This Labor Day weekend, I want to invite you to make the bold, countercultural decision to come to church!
The late pastor and author Eugene Peterson once wrote, “One of the afflictions of pastoral work has been to listen, with a straight face, to all the reasons people give for not going to church:
‘My mother made me when I was little.’
‘There are too many hypocrites in the church.’
‘It’s the only day I have to sleep in.’”
Using Psalm 122 as a reference, Peterson gives three reasons why worship has been a constant, foundational practice throughout the history of the Church, even all the way back to its roots under the Old Covenant.
Let Us Go to the House of the Lord
A Song of Ascents.
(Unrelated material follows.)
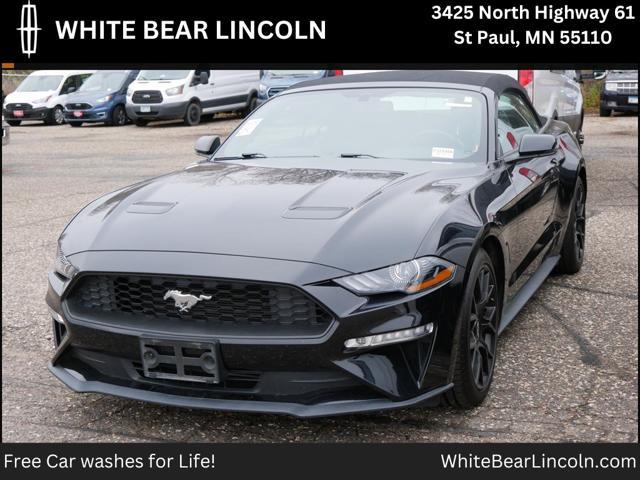 used 2019 Ford Mustang car, priced at $21,500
Of David.
122
1 I was glad when they said to me,
“Let us go to the house of the Lord!”
2 Our feet have been standing
within your gates, O Jerusalem!
3 Jerusalem—built as a city
that is bound firmly together,
4 to which the tribes go up,
the tribes of the Lord,
as was decreed for Israel,
to give thanks to the name of the Lord.
5 There thrones for judgment were set,
the thrones of the house of David.
6 Pray for the peace of Jerusalem!
“May they be secure who love you!
7 Peace be within your walls
and security within your towers!”
8 For my brothers and companions’ sake
I will say, “Peace be within you!”
9 For the sake of the house of the Lord our God,
I will seek your good.
Worship is the common background to all Christian existence, which has been faithfully and willingly practiced for centuries. This psalm highlights three reasons (in Peterson’s words): “worship gives us a workable structure for life; worship nurtures our need to be in relationship with God; worship centers our attention on the decisions of God.”
Worship gives us a workable structure for life. Verses 3 and 4 emphasize how Jerusalem was the place for worship. “When you went to Jerusalem, you encountered the great foundational realities: God created you, God redeemed you, God provided for you.” Through spoken word and rituals, worshipers were reminded of who God is and, by consequence, their sense of self and priorities of life were re-ordered unto His service. Without that framework holding all of us saints together, we will inevitably drift apart as each person pursues their own inner sense of purpose. When we come to church, from our various life-backgrounds and present-day stresses, we say, in essence, “We all want the same thing: life with God.”
A second reason that worship is such a foundational practice for Christians comes from verse 4, in which it is God’s decree to His people to give Him thanks. Worshiping together “nurtures our need to be in relationship with God.” Peterson says, brilliantly: “Feelings are important in many areas but completely unreliable in matters of faith… We think that if we don’t feel something there can be no authenticity in doing it. But the wisdom of God says something different: that we can act ourselves into a new way of feeling much quicker than we can feel ourselves into a new way of acting. Worship is an act that develops feelings for God, not a feeling for God that is expressed in an act of worship.”
Verse 5 highlights a third reason we keep engaging in regular acts of worship: the psalm describes worship as the place where “thrones for righteous judgment are set.” Judgment is how God sets all things in their rightful place. In the call to worship, we hear God’s first word to us, calling us out of our ordinary occupations to be fully occupied with Him. In the benediction, we hear God’s sending-out word, to be a blessing to our city. Between these two words, the Scriptures are read and expounded by a pastor who has spent the week wrestling with its meaning and application to the congregation. The songs generally paraphrase scriptural truths and give the saints words of response to sing back to God. “Every time we worship our minds are informed, our memories refreshed with the judgments of God, we are familiarized with what God says, what he has decided, the ways he is working out our salvation… There is simply no place where these can be done as well as in worship.”
If your Labor Day weekend plans do not include attending church, let Psalm 122 (and 2,000 years of wisdom from our forebears in the faith) be a loving voice of correction. There is no football game, smoked meat, or family gathering that can offer you a workable structure for life, nurture your need to be in relationship with God, or center your attention on the decrees of God.
If you wake up Sunday morning and feel like sleeping in, remember, “Worship does not satisfy our hunger for God–it whets our appetite. Our need for God is not taken care of by engaging in worship–it deepens. It overflows the hour and permeates the week. The need is expressed in a desire for peace and security. Our everyday needs are changed by the act of worship.”
Your brother,
Ryan
*Peterson, Eugene. 1980; 2nd edition 2000. A Long Obedience in the Same Direction: Discipleship in An Instant Society. InterVarsity Press: Downers Grove, IL, 47-57.